Nevertheless, I’m still optimistic that people will always find services that they can provide, which will keep many people employed even if robots take over much of manufacturing. This is liable to pose a greater problem for developing nations than for mature economies.
Bryan Willman
Aug 20 2012 at 2:07pm
The real issue is that there is not “one answer.” More people does not *always* mean more poverty. More people does not *always* mean more wealth.
The example here supports my thesis that in the relatively near future (100 to 200 years) every country on Earth will be in one of two states – one in which people with low skills have nothing much to do (coming in the US), or one in which there is violent anarchy and crushing misery (Somalia.)
Obviously, it’s better to be in the first camp and find a resolution that keeps people happy.
ChrisA
Aug 20 2012 at 8:38pm
The two equilibriums in a future with a very low labor content manufacturing sector are;
1. Most people not working (or not working in a real job but made up ones) getting lots of free stuff that equates to well above subsistance living. The few remaining workers will get extra stuff to compensate for having to work. This is probably the democratic solution.

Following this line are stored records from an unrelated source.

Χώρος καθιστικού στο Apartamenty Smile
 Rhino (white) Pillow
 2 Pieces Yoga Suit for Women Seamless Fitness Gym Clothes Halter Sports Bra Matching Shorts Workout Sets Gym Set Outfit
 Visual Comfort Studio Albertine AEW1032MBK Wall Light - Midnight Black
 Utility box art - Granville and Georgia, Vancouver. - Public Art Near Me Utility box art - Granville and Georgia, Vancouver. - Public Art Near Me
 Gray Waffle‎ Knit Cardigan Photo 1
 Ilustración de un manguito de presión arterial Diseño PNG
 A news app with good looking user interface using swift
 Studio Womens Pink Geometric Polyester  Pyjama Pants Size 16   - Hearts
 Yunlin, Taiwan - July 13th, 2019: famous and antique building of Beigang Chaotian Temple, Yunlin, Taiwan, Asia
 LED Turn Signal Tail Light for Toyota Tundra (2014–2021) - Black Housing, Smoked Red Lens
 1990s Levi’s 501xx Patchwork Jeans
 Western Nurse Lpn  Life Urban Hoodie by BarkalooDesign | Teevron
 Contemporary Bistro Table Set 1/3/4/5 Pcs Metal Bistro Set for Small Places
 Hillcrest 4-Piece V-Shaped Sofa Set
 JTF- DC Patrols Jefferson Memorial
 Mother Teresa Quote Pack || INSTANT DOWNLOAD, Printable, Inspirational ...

2. A parallel economy such as you often see in the developing world, with the low productivity people trading among themselves separately from the high productivity sector. In many of the countries I have lived you can still see people plowing fields using oxen, harvesting by hand, using hand looms etc, although these activities have been mechanised for hundreds of years now. The reason is that these people have nothing to trade with the developed world and their governments don’t provide any kind of social security. To take this example to the extreme imagine advanced aliens coming to the earth – they know how to do pretty much everything we know how to. They refuse to give us free stuff though, they want to be paid. But we have nothing to pay them with (or everything we could provide to them they can make cheaper themselves). Would we starve to death at this point, just because we know that there is a more productive economy in existence? Of course not, we would just continue to trade amongst ourselves, using our existing technology.
Thomas Esmond Knox
Aug 21 2012 at 2:35am
“In many of the countries I have lived you can still see people plowing fields using oxen, harvesting by hand, using hand looms etc, although these activities have been mechanised for hundreds of years now.”
Farm tractors are less than 100 years old.
t3
Aug 21 2012 at 9:56am
Everyone has been worried about machines replacing men as labor for at least 200 years. Hundreds of novels have been written in the past centuries. There are probably literatures courses dedicated to the subject.
So far, they’ve all been wrong. But when they stop being wrong, yikes.
I’d love to know Arnold’s predictions of how governments throughout the world react to it. Maybe Robin Hanson has already done it.
(Also, no matter what Bryan says about wanting everyone to breed, he only writes for and is read by a tiny slice of likely non-zero MP workers.)
Steve Roth
Aug 21 2012 at 11:50am
As always wildly curious about this subject. Just did a post on it, asking essentially: do the limits of human cognitive capacity and declining marginal utility of innovation and consumption make the Luddite Fallacy a fallacy? Is the stopped clock finally right?